Double slit interference. Image from HyperPhysics.
Bright regions occur at angles \(\theta\) for which$$\bbox[silver]{\sin\theta=\frac{m\lambda}{d},}$$ where \(d\) is the distance between two slits, \(\lambda\) is the wavelength, and \(m\) is the order number (see above image for detail).
Intensity of two-source interference follows $$I=I_0\cos^2\frac{\phi}{2},$$where \(I_0\) is the maximum possible total intensity, and \(\phi\) is the relative phase between two source. It can be shown that for the case of double slit interference, the phase difference \(\phi\) is \(2\pi d\sin\theta/\lambda\). Therefore, consider the effect of two-slit interference only, the intensity profile is$$\bbox[silver]{I(\theta)=I_0\cos^2\left(\frac{\pi d\sin\theta}{\lambda}\right).}$$
Single slit diffraction. Image from HyperPhysics.

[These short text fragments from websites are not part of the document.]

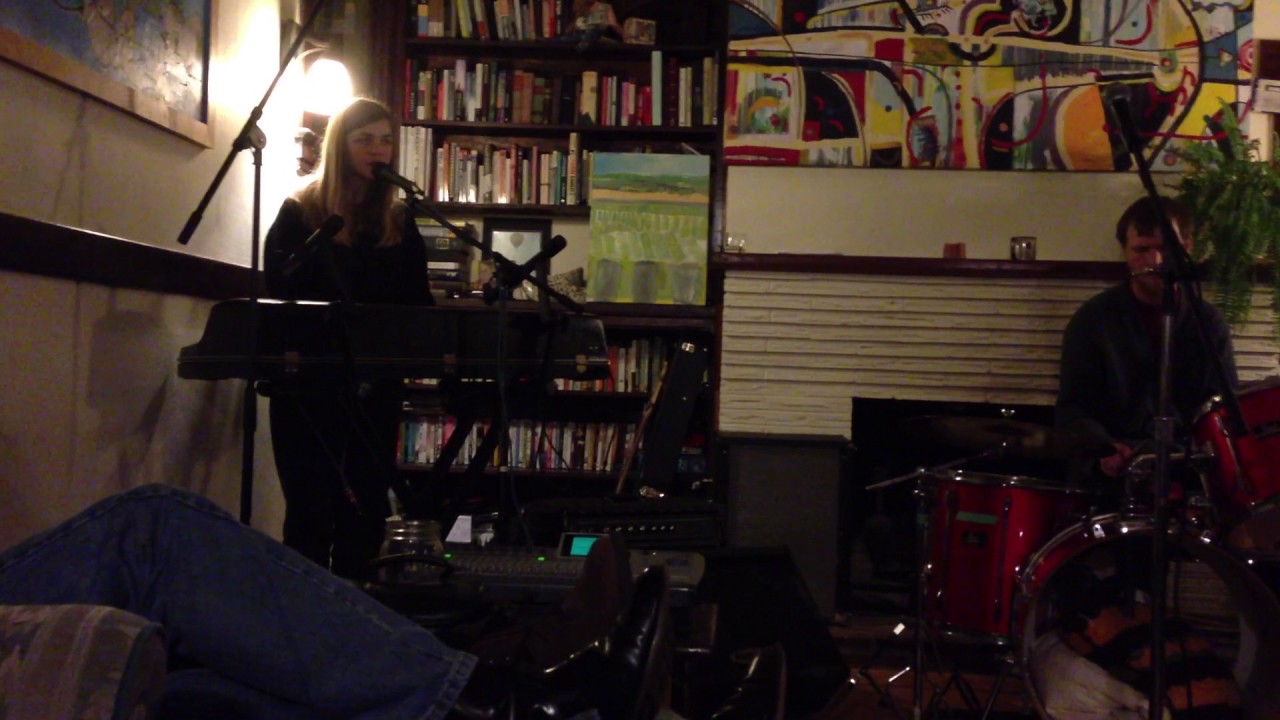 Island Song - Ashley Eriksson (LAKE) LIVE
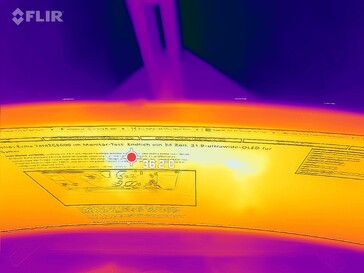 在风扇已经启动的情况下，我们的测量结果高达38℃。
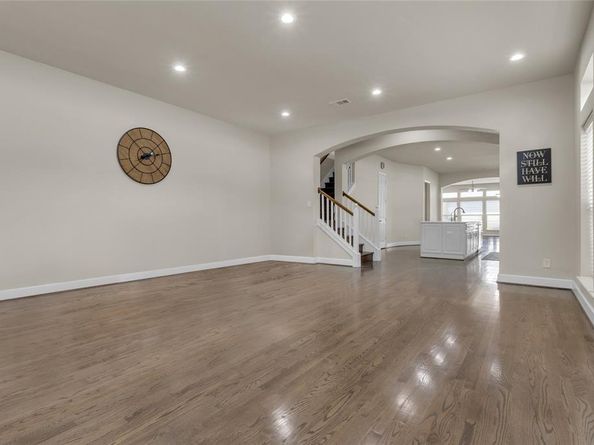 2407  Knight Street , Dallas Texas 75219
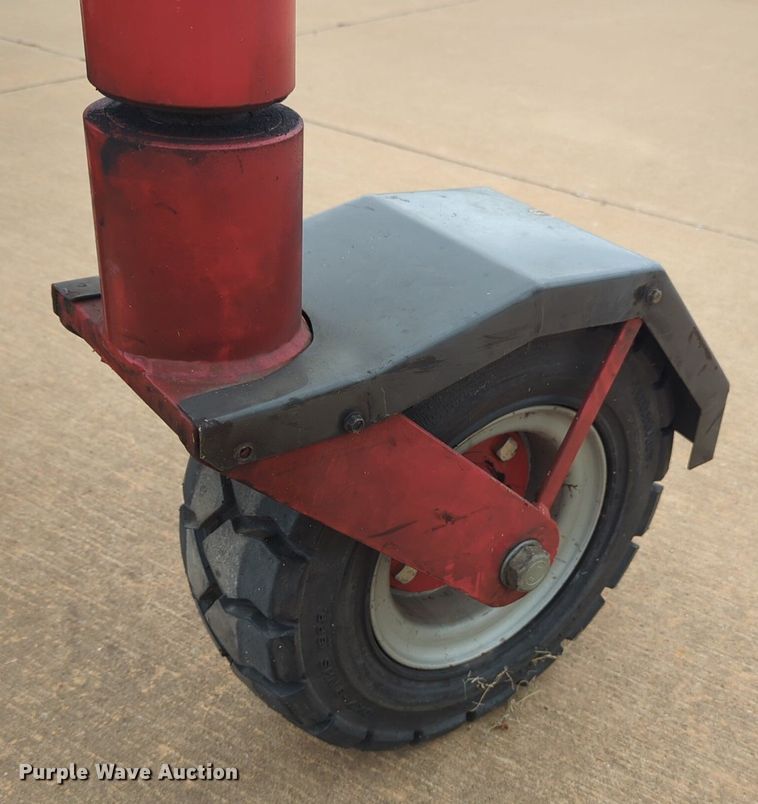 image for item LY9528 1994 E-One fire truck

Angles of minimum intensity are at$$\bbox[silver]{\sin\theta=\frac{m\lambda}{a},}$$ where \(a\) is the slit width, \(\lambda\) is the wavelength, and \(m\) is the order number.
Similarly, the intensity profile with the effect of single-slit diffraction only can be found to be$$\bbox[silver]{I=I_0\ \mathrm{sinc}^2\left(\frac{\pi a\sin\theta}{\lambda}\right)},$$ where the sinc function is defined as \(\mathrm{sinc\ }x=\sin x/x\) for \(x\neq 0\) and \(\mathrm{sinc\ }0=1\).
Interference can be used in studying crystal structure. X-rays are often used in a such case. Rays reflected from different layer of crystal gives the information about the crystal structure.
Bragg's law. Image from Wikipedia.
Constructive interference occurs at$$2d\sin\theta=m\lambda.$$
Verify the phase difference (a) for double slit interference is \(\pi d\sin\theta/\lambda\); (b) for single slit diffraction is \(\pi a\sin\theta/\lambda\).
(Hint: find the path difference first)